物語全体が押しつけがましくなく優しい調子なので、登場人物の一挙手一投足を素直に見守っていたくなる。

以下ネタバレ

「ニベア」
なんとなく途中で真相がわかったけど、お父さんの(ちょっとズレた)愛情が微笑ましくて好き。そんなお父さんの子どもだからか、少年も優しい子に育っているようでほっこり。
探偵みたいに見張ったりするシーンが一番わくわくした。

「ファミリーセンター」
前回のようには推理することが出来ず、しかしその真相を知ったときは「先に言えや!」って思った。義理の父親と好きな人じゃ、距離の縮め方も違うだろ。笑 まあ、そういう部分が思春期の難しさなのかなーと思いつつ、本当のことがわかってからは純粋に女子高生と父親の仲を応援する気持ちで読めた。
「悩みなんて、人に話せた時点で半分は解決だから」という言葉は確かにそうだなーと納得。ガチで相談したいことってなかなか他人には言えないものだと思うし、そういう意味でもやっぱり占いは人の背中を押すのがメインの職業なのかもしれない。

「おしまい予言」
癖の強い青年アシスタントが中心。個人的には超能力とかあんまり信じてないから、武田君の方がよっぽど凄い能力じゃんと思いながら読んでいった。

おしまいは悪いことばかりではない、いつか終わりがくるとわかっているからこそ力を尽くせることもある。そういったメッセージは自分にも当てはまって、たぶんこの本の中でいちばん響いた言葉だと思う。しんどいことも「今だけ」と思えれば、もう少し頑張るかっていう気になれるし。
実際はあとどれくらい頑張れば報われるかなんてわからないから大変なんだけども。

「強運の持ち主」
表題作。最後はちょっと煮え切らない締めくくりだったけど、日常や人生を進めていく中で本当に大事なのは運だけじゃなくて、自分の直感や意思の力、周囲の人たちとの関わり、自分にとって大切なもの(ルイーズにとっては占いもそのひとつ)たちの力を少しずつ頼りにしていくことなのかなぁと。
「おしまい」の内容が何なのかは気になるところだけど、あえてぼかしておくことで穏やかな波紋みたいな余韻の残る締めになっていると思う。登場人物たちのその後について、あれこれ考えてみるのも面白い。

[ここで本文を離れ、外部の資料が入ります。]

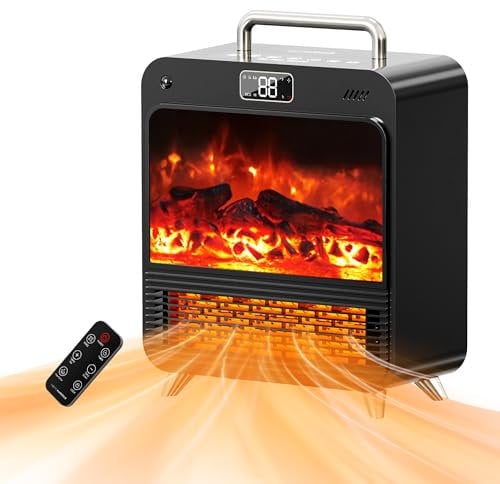 Home Harbour Cozy Heat Fireplace Pro, 1500W Electric Heater, Freestanding Indoor Log Burner Effect with 3D Flame, Portable Fireplace Heater, Remote Control, 3 Modes, Timer, Overheat Protection, Black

感想を書いてて思ったけど、強運の持ち主っていうのは通彦のことだけじゃなくて、前向きな思考回路と良い意味で楽観的な性格で前に進むことのできるルイーズ自身のことも指しているのかもしれない。
物事も捉え方ひとつで違う風に受け止めることができるなら、できるだけ良い方に考える癖をつけられたらいいなと思う。


自分も以前、石切さん(石切剣箭神社)に行ったとき参道で手相を見てもらったけど、値段とか時間はあんまり覚えてないことに気付いた。まああれは旅行の記念なのもあったけど。
教師とか占い師に向いてるって言われて「ほう……」となった思い出(教師に興味はないけど、占い師はちょっとやってみたい)。